# What the task asks
Each line of the data is to be output verbatim, with the images removed.

# Entries supplied
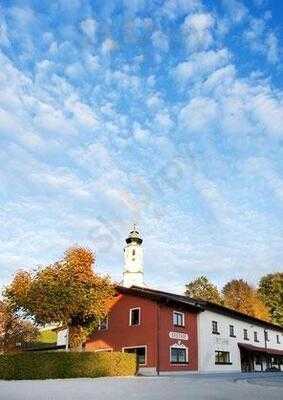 Gasthaus Göttlinger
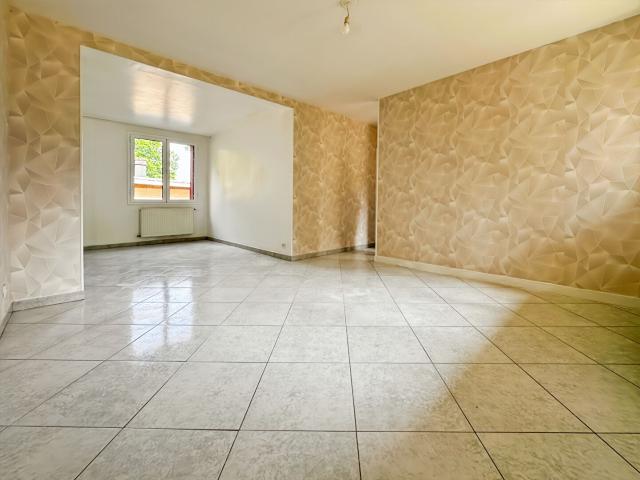 Appartement location à Palaiseau, Sainte-geneviève-des-bois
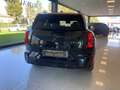 MINI Cooper D Countryman Mini D JCW Countryman TETTO APRIBILE PANORAMICO !! Noir - thumbnail 4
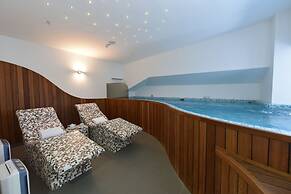 Hotel Aurel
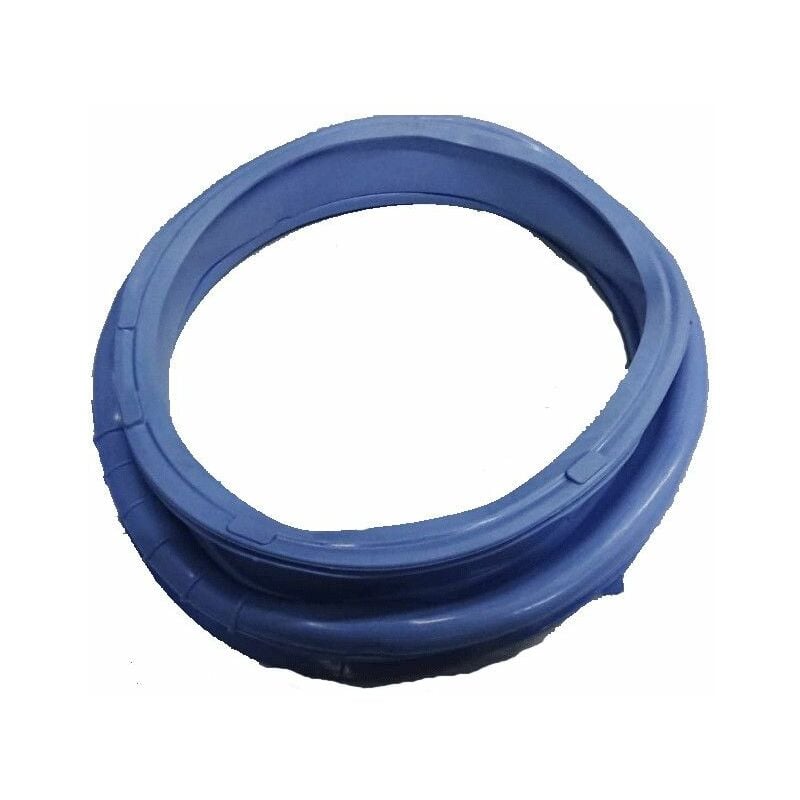 foto del prodotto guarnizione obl lavatrice haier 331039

# Result
 Gasthaus Göttlinger
 Appartement location à Palaiseau, Sainte-geneviève-des-bois
 MINI Cooper D Countryman Mini D JCW Countryman TETTO APRIBILE PANORAMICO !! Noir - thumbnail 4
 Hotel Aurel
 foto del prodotto guarnizione obl lavatrice haier 331039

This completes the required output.